Help users discover overly broad rerun-if-changed directives #14240
Description
Maintainers notes
- Root problem was an overly broad rerun-if-changed, see Help users discover overly broad rerun-if-changed directives #14240 (comment)
Problem
At work we have a rather large monorepo - of which rust (currently) makes up a very small part.
Some quick numbers using cloc --vcs git
-- ~305k files (~45m LOC) of which ~400 files (~80k LOC) are rust.
We've noticed that the time for cargo check --workspace --manifest-path ./Cargo.toml
is quite slow - disproportionately slow compared to the sum of running check on each.
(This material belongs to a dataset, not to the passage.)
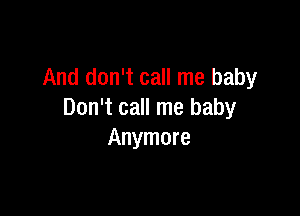 And don't call me baby

Don't call me baby
Anymore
Here are the examples from running the commands locally
$ time cargo check -p crate1
$ time cargo check -p crate2
...
Sum: 32.377 total
$ time cargo check --workspace --manifest-path ./Cargo.toml
4.26s user 43.64s system 59% cpu 1:21.14 total
$ time cargo check --manifest-path ./Cargo.toml -p crate1 -p crate2 ...
3.89s user 43.02s system 58% cpu 1:20.16 total
Doing some investigation - in the last two cases it looks like cargo is scanning the entire repo. When inspecting what files that cargo is reading I can see it accessing files and folders not included in those those defined within the workspace's members
array that contain no rust code.
Running sudo fs_usage | grep cargo
I can see it accessing:
- our "frontend" folder and scanning through all of its
node_modules
, and - bazel's output folders (which are symlinked by bazel into the repo root) which are all build artifacts.
These two cases were actually what first triggered us to investigate we had reports from several engineers about slowness - we noticed two things:
- the more bazel builds they do, the slower cargo got - and it looks like it's because more builds = more files in the bazel output folders = more crawl time.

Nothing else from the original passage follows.